What the task asks:
Starting at the first line of the entries below, output every line exactly, up to and including the line with "2 Pcs Wireless".

------ Material supplied

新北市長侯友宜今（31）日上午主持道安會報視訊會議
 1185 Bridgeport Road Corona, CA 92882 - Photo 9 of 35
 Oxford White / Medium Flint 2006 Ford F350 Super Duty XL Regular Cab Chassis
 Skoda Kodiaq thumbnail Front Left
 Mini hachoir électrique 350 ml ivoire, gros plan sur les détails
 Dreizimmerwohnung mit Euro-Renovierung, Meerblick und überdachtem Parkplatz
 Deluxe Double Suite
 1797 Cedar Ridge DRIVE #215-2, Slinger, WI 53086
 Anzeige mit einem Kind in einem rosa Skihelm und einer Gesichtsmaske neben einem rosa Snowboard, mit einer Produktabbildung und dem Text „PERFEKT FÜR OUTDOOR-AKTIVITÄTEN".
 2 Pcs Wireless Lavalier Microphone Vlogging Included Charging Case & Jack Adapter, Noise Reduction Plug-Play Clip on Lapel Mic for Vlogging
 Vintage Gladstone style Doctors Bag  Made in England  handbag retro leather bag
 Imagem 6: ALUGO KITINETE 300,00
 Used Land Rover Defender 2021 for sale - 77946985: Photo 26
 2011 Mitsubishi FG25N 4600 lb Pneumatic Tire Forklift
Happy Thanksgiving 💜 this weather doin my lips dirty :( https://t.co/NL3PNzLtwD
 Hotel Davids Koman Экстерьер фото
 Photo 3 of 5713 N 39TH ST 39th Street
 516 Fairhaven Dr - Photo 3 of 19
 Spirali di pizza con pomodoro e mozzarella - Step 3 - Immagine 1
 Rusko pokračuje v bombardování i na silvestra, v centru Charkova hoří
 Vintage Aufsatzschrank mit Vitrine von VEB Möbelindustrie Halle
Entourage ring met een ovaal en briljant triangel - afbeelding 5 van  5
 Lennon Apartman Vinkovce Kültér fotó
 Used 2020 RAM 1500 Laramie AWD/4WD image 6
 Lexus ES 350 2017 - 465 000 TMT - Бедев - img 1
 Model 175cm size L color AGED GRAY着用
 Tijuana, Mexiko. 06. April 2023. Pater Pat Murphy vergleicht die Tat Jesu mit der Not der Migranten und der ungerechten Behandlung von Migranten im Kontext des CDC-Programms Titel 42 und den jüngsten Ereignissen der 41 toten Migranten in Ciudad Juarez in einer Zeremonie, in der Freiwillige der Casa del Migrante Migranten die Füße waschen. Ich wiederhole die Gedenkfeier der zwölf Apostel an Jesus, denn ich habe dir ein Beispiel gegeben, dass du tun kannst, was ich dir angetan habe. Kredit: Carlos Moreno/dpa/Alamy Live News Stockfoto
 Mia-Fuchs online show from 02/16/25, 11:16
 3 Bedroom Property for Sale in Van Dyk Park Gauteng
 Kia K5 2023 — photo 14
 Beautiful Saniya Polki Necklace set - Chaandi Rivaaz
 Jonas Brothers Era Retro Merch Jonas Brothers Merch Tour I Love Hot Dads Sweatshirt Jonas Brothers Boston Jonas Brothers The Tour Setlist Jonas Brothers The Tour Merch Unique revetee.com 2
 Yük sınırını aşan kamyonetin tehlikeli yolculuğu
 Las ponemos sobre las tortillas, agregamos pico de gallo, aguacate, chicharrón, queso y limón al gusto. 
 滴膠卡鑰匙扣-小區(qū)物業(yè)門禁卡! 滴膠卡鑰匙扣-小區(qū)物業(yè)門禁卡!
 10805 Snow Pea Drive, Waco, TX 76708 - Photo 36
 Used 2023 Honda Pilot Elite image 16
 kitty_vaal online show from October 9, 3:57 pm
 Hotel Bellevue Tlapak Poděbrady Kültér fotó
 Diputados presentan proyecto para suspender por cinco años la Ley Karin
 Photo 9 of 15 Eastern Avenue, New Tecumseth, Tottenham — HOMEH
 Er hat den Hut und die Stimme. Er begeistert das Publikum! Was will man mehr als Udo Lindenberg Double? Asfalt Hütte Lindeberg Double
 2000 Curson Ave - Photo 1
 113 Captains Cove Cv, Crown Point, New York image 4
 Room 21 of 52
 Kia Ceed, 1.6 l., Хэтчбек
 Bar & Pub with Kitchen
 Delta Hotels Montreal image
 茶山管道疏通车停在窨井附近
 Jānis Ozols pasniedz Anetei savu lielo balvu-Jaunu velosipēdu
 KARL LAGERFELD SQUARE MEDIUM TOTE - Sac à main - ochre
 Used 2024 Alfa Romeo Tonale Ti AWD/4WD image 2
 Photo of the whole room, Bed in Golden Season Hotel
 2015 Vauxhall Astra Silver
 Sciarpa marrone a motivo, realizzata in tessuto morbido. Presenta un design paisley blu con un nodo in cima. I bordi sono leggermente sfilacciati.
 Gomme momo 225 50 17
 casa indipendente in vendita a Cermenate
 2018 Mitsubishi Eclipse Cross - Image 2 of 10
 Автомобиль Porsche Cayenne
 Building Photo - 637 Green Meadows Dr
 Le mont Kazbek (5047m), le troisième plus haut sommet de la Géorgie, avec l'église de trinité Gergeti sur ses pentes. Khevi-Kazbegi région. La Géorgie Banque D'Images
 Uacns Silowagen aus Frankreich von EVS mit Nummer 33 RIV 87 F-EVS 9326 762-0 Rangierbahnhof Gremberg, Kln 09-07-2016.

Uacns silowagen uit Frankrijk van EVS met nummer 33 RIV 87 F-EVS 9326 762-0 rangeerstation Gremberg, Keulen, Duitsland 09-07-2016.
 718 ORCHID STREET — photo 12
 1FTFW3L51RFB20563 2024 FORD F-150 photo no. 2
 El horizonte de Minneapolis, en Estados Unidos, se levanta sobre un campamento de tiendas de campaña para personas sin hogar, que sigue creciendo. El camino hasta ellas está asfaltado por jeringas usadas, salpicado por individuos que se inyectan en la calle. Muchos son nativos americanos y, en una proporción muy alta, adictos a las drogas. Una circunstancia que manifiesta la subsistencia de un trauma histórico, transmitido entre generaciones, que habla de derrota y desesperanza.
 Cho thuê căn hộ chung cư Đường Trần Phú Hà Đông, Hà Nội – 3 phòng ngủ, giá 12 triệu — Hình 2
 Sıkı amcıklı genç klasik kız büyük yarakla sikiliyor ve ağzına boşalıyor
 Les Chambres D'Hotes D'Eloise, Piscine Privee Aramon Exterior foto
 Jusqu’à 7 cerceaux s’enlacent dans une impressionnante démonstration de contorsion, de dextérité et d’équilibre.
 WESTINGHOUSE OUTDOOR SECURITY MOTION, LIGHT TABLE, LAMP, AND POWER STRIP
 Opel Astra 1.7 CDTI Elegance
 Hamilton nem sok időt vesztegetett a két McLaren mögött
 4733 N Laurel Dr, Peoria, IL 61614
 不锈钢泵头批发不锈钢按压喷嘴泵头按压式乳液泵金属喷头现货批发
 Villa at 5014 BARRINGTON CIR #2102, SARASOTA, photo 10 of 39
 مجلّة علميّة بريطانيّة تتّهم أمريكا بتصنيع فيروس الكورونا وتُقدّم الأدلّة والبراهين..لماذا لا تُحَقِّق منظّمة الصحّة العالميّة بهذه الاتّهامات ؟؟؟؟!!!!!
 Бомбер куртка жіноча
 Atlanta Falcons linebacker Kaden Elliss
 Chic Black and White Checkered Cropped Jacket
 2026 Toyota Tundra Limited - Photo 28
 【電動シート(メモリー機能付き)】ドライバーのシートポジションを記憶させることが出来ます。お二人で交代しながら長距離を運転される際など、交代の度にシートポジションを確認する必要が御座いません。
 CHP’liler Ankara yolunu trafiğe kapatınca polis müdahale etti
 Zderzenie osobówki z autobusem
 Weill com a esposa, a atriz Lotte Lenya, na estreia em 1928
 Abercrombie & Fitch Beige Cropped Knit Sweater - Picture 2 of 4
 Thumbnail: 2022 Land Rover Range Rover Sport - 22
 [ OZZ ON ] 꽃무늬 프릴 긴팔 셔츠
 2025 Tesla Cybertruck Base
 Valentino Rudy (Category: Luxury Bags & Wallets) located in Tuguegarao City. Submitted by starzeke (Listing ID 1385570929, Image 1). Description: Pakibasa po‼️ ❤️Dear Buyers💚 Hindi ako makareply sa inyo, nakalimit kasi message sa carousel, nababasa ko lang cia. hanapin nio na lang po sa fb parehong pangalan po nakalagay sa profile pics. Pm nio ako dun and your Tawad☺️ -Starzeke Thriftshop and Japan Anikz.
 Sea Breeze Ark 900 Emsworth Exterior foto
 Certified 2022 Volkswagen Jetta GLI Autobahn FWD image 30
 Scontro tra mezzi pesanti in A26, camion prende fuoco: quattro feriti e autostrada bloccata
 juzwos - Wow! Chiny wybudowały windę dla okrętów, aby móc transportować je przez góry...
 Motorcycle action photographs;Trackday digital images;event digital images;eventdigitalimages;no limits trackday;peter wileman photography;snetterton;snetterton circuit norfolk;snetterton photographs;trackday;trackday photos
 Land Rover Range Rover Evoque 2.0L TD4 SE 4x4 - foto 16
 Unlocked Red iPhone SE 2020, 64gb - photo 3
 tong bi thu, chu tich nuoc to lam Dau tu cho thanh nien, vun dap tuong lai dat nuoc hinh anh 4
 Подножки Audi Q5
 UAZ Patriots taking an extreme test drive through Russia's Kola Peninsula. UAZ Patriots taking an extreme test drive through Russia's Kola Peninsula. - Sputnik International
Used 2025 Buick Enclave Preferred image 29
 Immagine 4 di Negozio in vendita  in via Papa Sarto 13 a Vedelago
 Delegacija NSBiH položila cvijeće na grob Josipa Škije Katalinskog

------------

Exercise solution:
新北市長侯友宜今（31）日上午主持道安會報視訊會議
 1185 Bridgeport Road Corona, CA 92882 - Photo 9 of 35
 Oxford White / Medium Flint 2006 Ford F350 Super Duty XL Regular Cab Chassis
 Skoda Kodiaq thumbnail Front Left
 Mini hachoir électrique 350 ml ivoire, gros plan sur les détails
 Dreizimmerwohnung mit Euro-Renovierung, Meerblick und überdachtem Parkplatz
 Deluxe Double Suite
 1797 Cedar Ridge DRIVE #215-2, Slinger, WI 53086
 Anzeige mit einem Kind in einem rosa Skihelm und einer Gesichtsmaske neben einem rosa Snowboard, mit einer Produktabbildung und dem Text „PERFEKT FÜR OUTDOOR-AKTIVITÄTEN".
 2 Pcs Wireless Lavalier Microphone Vlogging Included Charging Case & Jack Adapter, Noise Reduction Plug-Play Clip on Lapel Mic for Vlogging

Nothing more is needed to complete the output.